Along the shorelines of Menard-May Park in Edgewater, Fla., Embry-Riddle Aeronautical University recently deployed unmanned aircraft systems (UAS) above the water to capture high-resolution images and video of this area of Mosquito Lagoon, which is part of the Indian River Lagoon system.

The aerial reconnaissance survey, organized and flown by faculty, staff and students from Embry-Riddle’s UAS science program, supports the Riverside Conservancy, a nonprofit dedicated to restoring and preserving living shorelines in southeast Volusia County.

“With a UAV, we can obtain an aerial perspective and create detailed imagery to determine where problems or inefficiencies may exist,” says John M. Robbins, Ph.D., associate professor and UAS program coordinator at Embry-Riddle’s Daytona Beach Campus.
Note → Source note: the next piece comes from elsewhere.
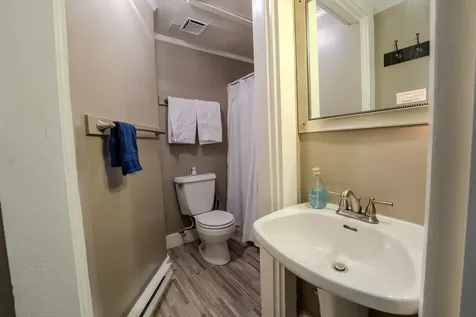 57 Main Street Woodstock NH 03262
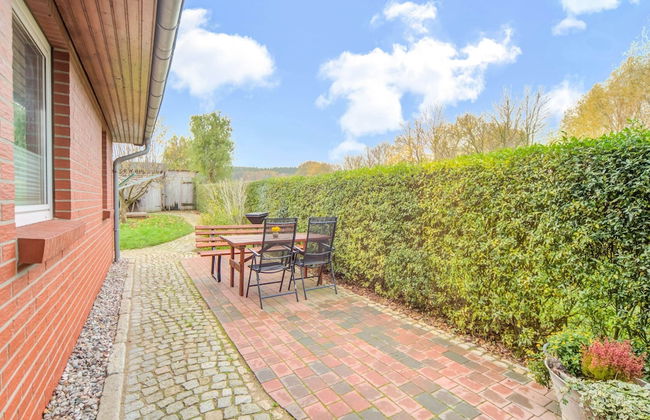 Idyllic Apartment in Kühlungsborn Germany near Forest - Foto 22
The images from the DJI Phantom 4 Pro drones will be compiled into a true-scale, orthomosaic map of overlapping images that will assist the Riverside Conservancy with a baseline view of the water’s edge in the hopes of mitigating erosion in the future. Vegetation being planted will help to absorb pollution and provide habitat for fish species, according to Greg Wilson, Ph.D., chief science officer of the Riverside Conservancy.

The organization has been working alongside the City of Edgewater, the Center for Earth Jurisprudence at Barry University Law School and Volusia County to make the shorelines more resilient. This planting project is being led by Bethune-Cookman University through a federal grant.

“We will be able to track with Embry-Riddle’s footage how successful these replanting projects are in stopping and preventing erosion and flood surge and hopefully even pollution uptake,” notes Kelli McGee, executive director of the Riverside Conservancy.

This is the first of similar missions planned with the Riverside Conservancy for Embry-Riddle’s UAS students and professors. The projects, Robbins says, provide hands-on skills to students in the school’s UAS program and also help them meet service learning requirements.